- Information supplied -
BEGIN

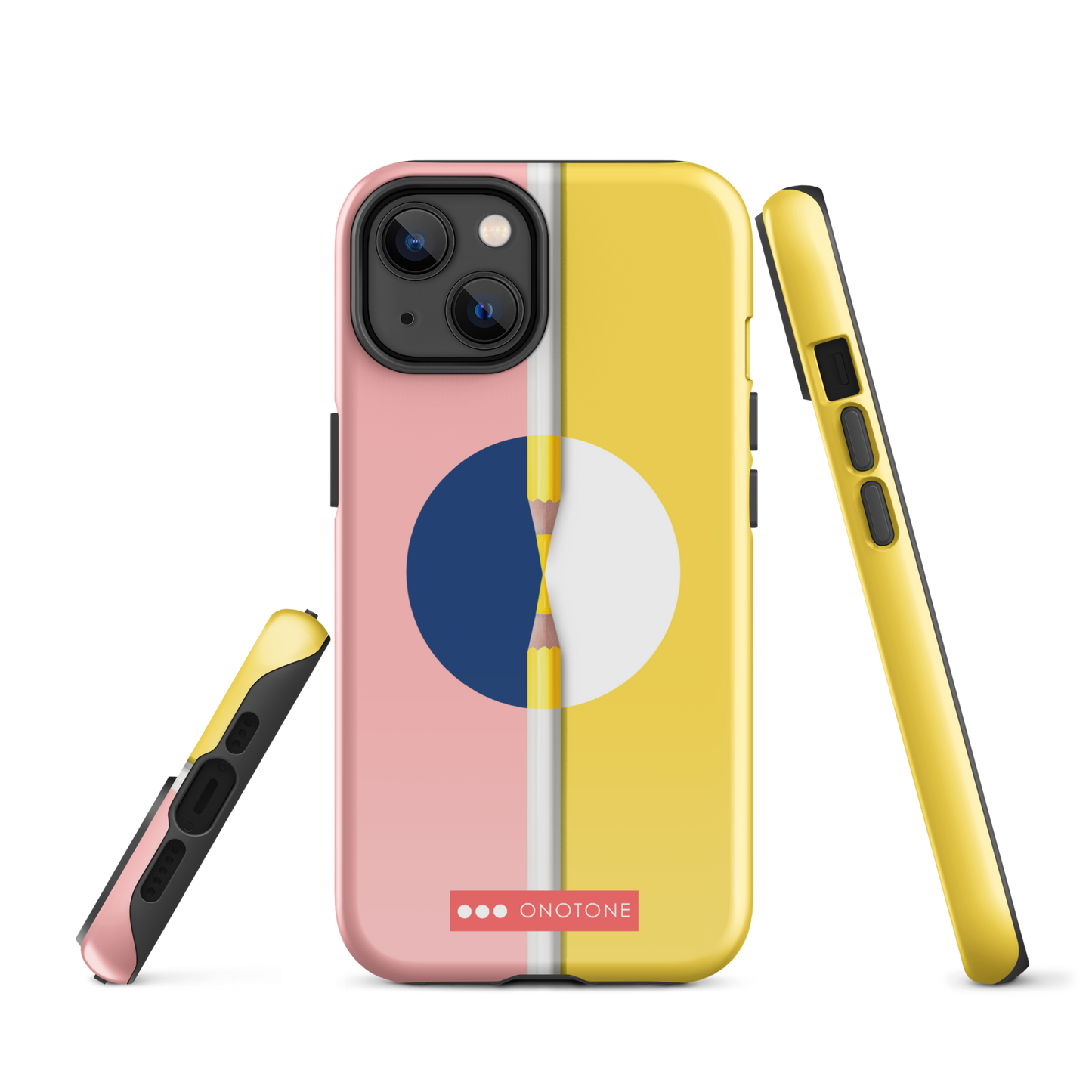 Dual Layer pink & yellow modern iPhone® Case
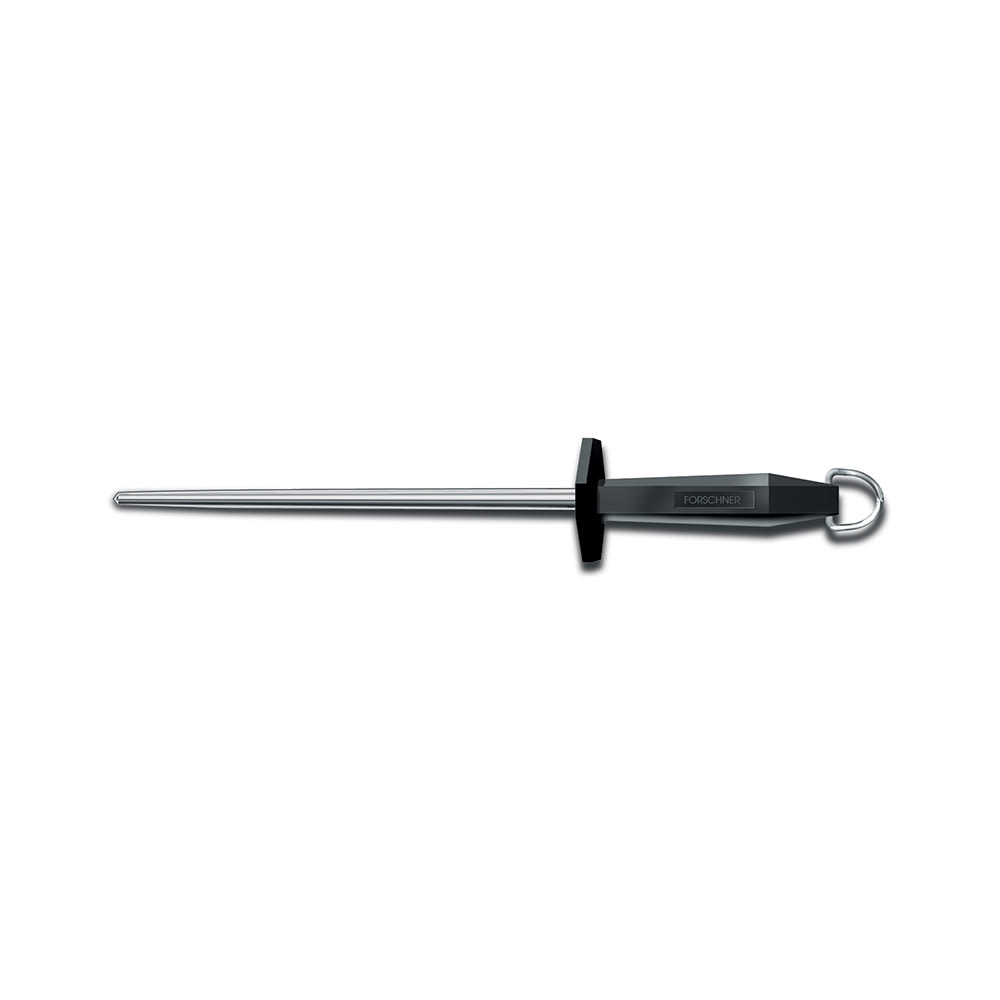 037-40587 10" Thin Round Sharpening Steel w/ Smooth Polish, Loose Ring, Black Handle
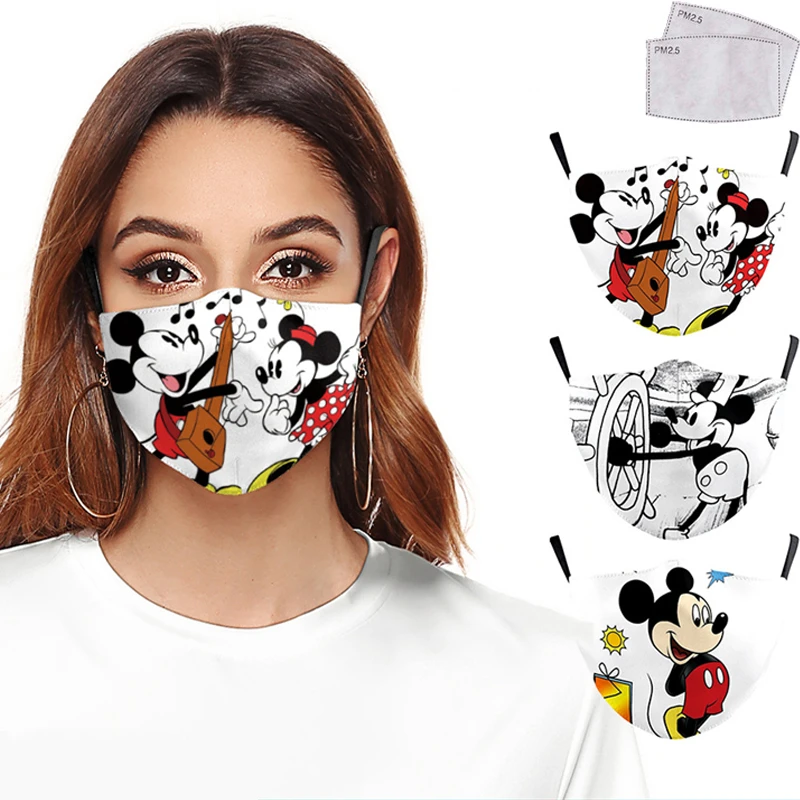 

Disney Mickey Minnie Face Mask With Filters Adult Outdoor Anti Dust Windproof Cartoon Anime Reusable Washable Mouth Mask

END

- Exercise instructions -
Repeat each line of the material exactly, and drop any image it carries.

- Task answer -
 Dual Layer pink & yellow modern iPhone® Case
 037-40587 10" Thin Round Sharpening Steel w/ Smooth Polish, Loose Ring, Black Handle

Disney Mickey Minnie Face Mask With Filters Adult Outdoor Anti Dust Windproof Cartoon Anime Reusable Washable Mouth Mask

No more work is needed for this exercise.